Extracted records: Begin

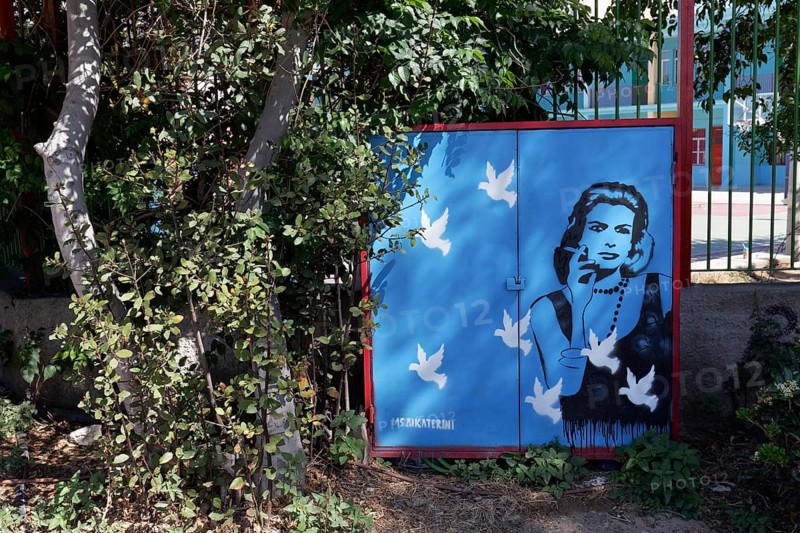 Portrait of Melina Mercouri on an electricity box, graffiti by street artist Ms Akaterini, Athens, Greece, Europe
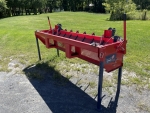 Amerispreader gravity spreader shown sitting with its 4 legs fully extended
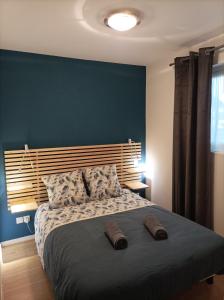 una camera con un grande letto con una parete blu di Ty Moutik a Plougonvelin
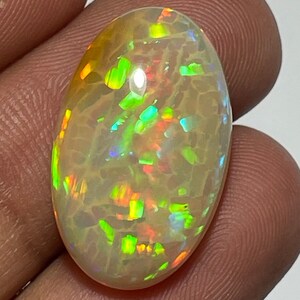 May include: An oval-shaped opal gemstone with a creamy white base color. The opal displays vibrant flashes of green, orange, and blue, creating a play-of-color effect. The stone is held between fingers, showcasing its polished surface.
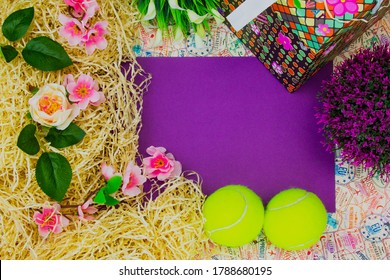 A greeting card for a tennis player, a lilac leaf in the middle, around the leaf with a place to copy tennis balls, buckets, flowers and hay. - Powered by Shutterstock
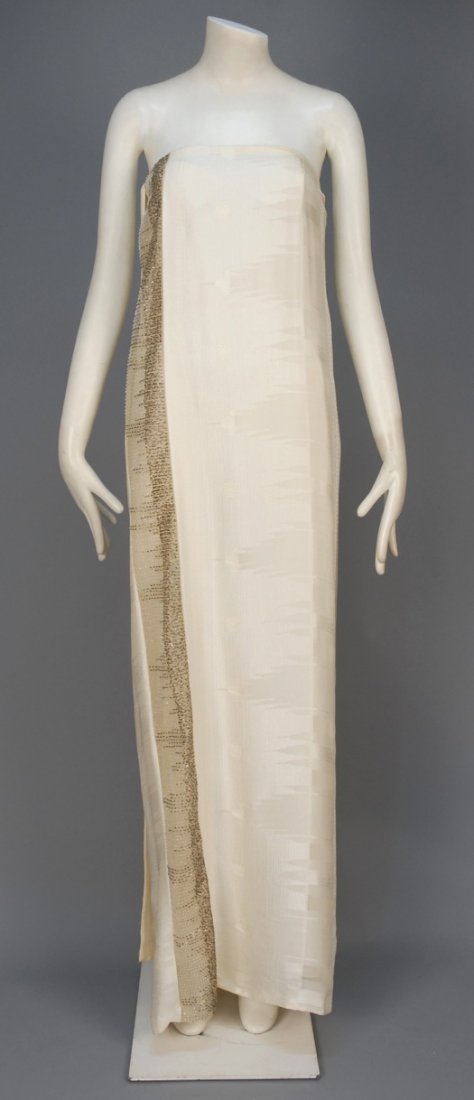 GIANFRANCO FERRE STRAPLESS EVENING GOWN.: Grecian inspired eggshell silk column having woven pattern and a narrow side panel of silk net embroidered with silver metallic thread, gunmetal bugle beads and crystal seed beads, floating back wrap 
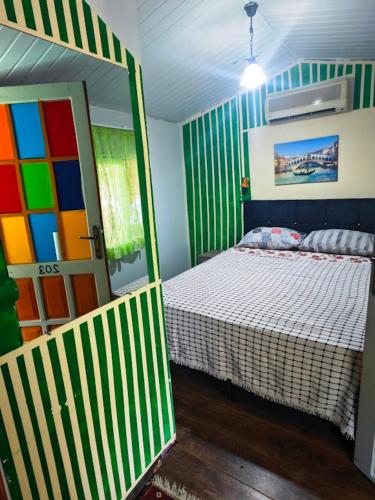 a bedroom with a bed and a colorful door at Side Tuana Garden Home in Side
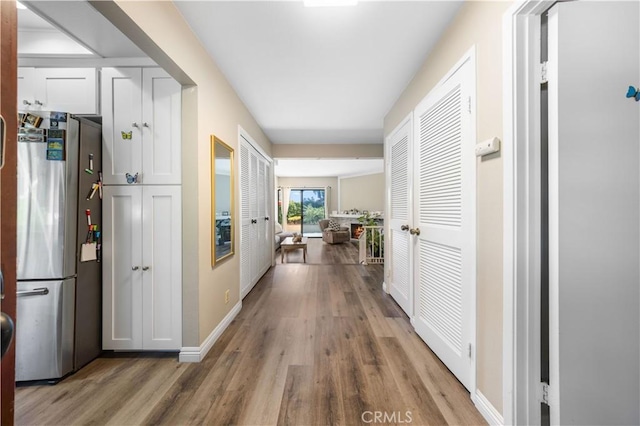 11 Palos Unit 55, Irvine, CA 92612 - hallway with wood finished floors and baseboards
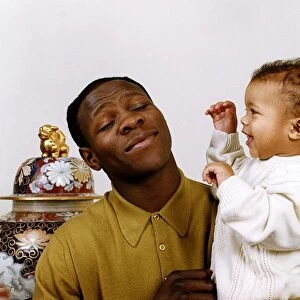Chris Eubank boxer holding his baby in his arms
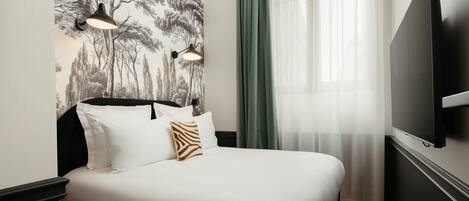 A hotel room with a bed, a wall-mounted TV, and a window with sheer curtains.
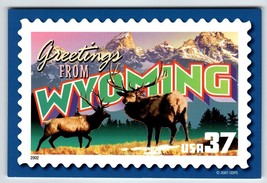 Greetings From Wyoming Large Letter Chrome Postcard USPS 2001 Deer Mountains - £6.79 GBP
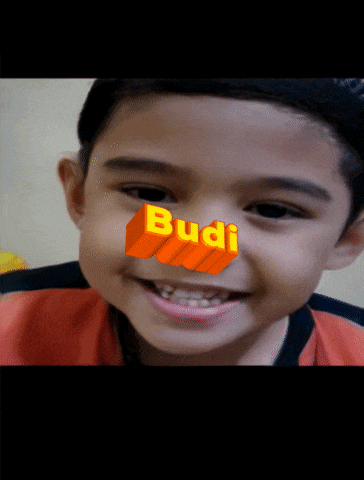 a young boy with the word budi on his face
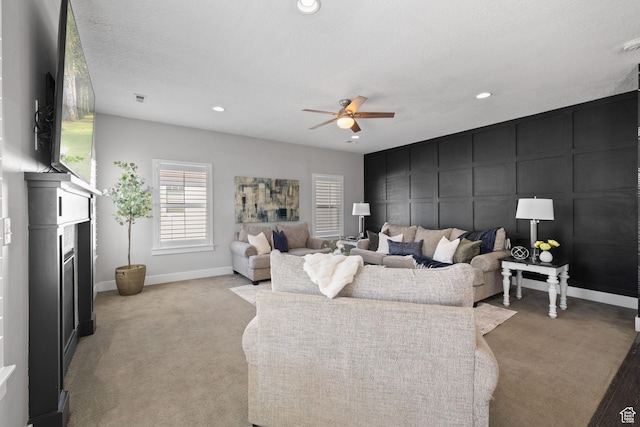 6523 W Bridge Maple Ln S, West Jordan, UT 84081 - living room featuring light colored carpet, a ceiling fan, recessed lighting, and a glass covered fireplace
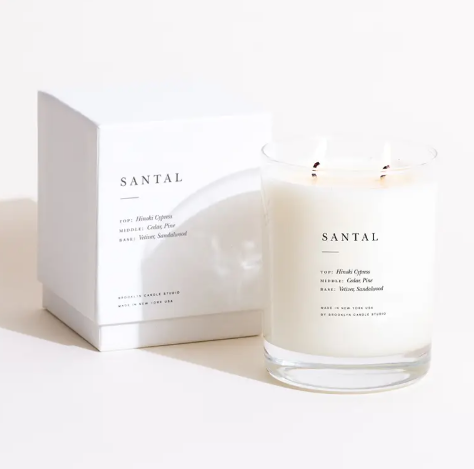 The elegant Brooklyn Candle Studio Santal Classic 2-Wick Candle next to its minimalist white box, featuring a woodsy scent.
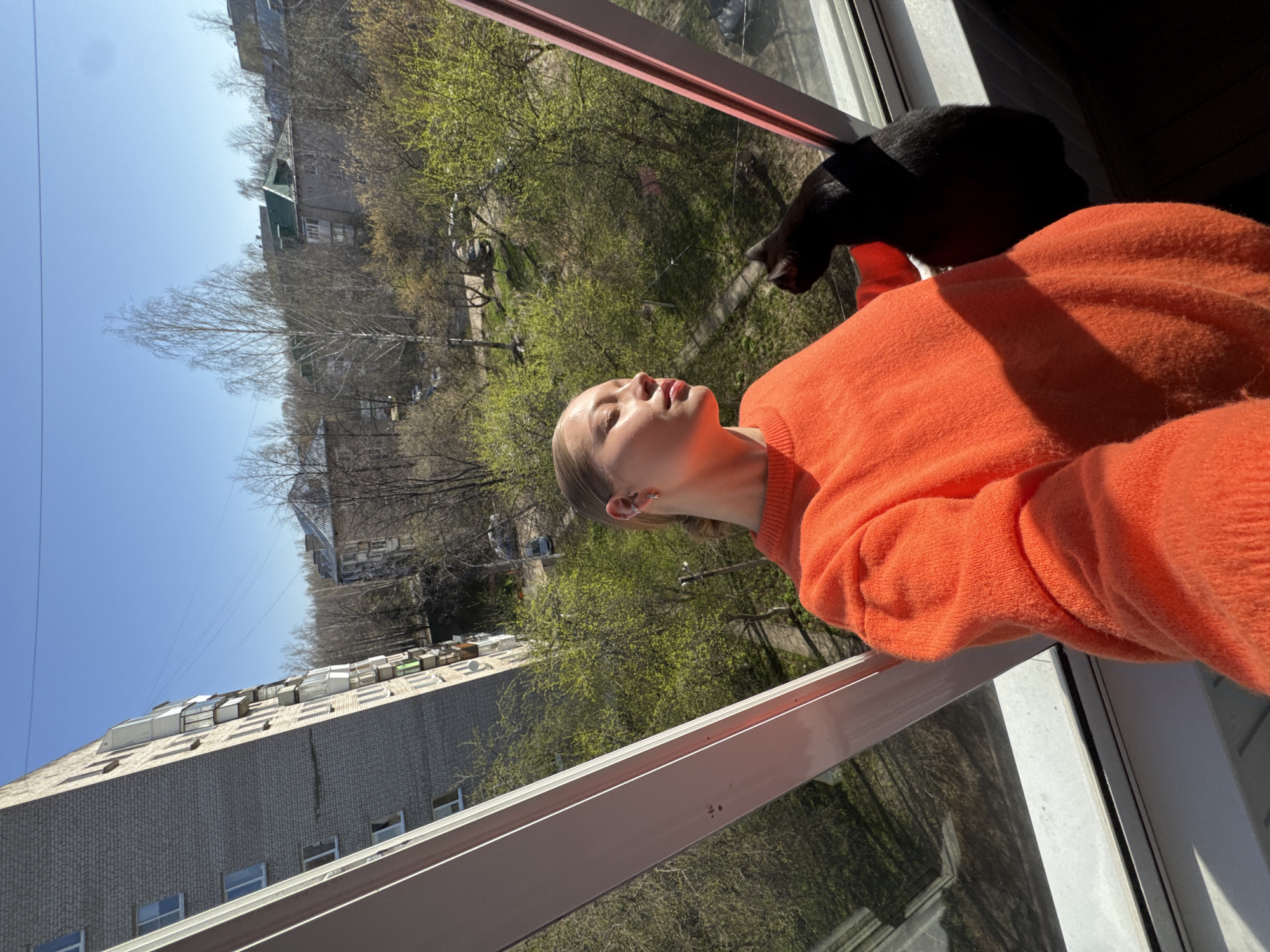 A vertical, eye-level shot shows a woman in an orange sweater standing by an open window with a black cat. The woman faces slightly upwards, with her mouth open. The window frame is light pink. Outside the window, green trees are visible and a brick building is seen in the distance under a clear blue sky. Based on the urban architecture, this location appears to be in the city of Chaikovsky, Russia.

Extracted records: End

Find the line with "A hotel room". Return it and each line after it through the end of the data, exactly, without pictures.

- **Solution to the exercise**
 A hotel room with a bed, a wall-mounted TV, and a window with sheer curtains.
 Greetings From Wyoming Large Letter Chrome Postcard USPS 2001 Deer Mountains - £6.79 GBP
 a young boy with the word budi on his face
 6523 W Bridge Maple Ln S, West Jordan, UT 84081 - living room featuring light colored carpet, a ceiling fan, recessed lighting, and a glass covered fireplace
 The elegant Brooklyn Candle Studio Santal Classic 2-Wick Candle next to its minimalist white box, featuring a woodsy scent.
 A vertical, eye-level shot shows a woman in an orange sweater standing by an open window with a black cat. The woman faces slightly upwards, with her mouth open. The window frame is light pink. Outside the window, green trees are visible and a brick building is seen in the distance under a clear blue sky. Based on the urban architecture, this location appears to be in the city of Chaikovsky, Russia.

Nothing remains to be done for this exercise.